Recorded information:

************

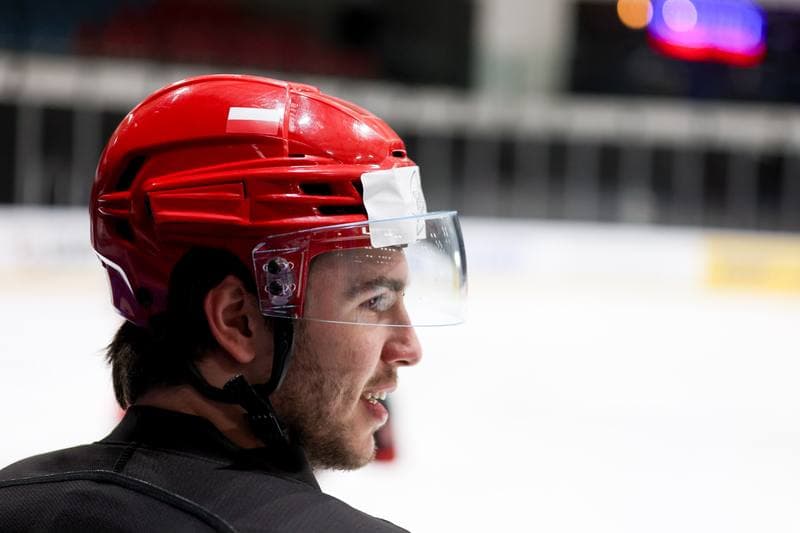 Ice Hockey. Poland national team. Training. 16.04.2024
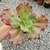 Imagem do ECHEVERIA GIBB. RUBI LADY (CARUNCULAS)(PT 9)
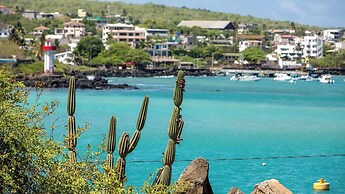Golden Bay Galapagos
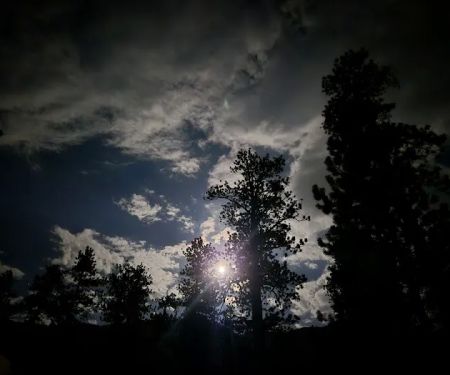 Wheeler Pass Campground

************

Problem to work on:
Once the pictures are set aside, the remaining data must be transcribed exactly.

Written answer:
 Ice Hockey. Poland national team. Training. 16.04.2024
 Imagem do ECHEVERIA GIBB. RUBI LADY (CARUNCULAS)(PT 9)
Golden Bay Galapagos
 Wheeler Pass Campground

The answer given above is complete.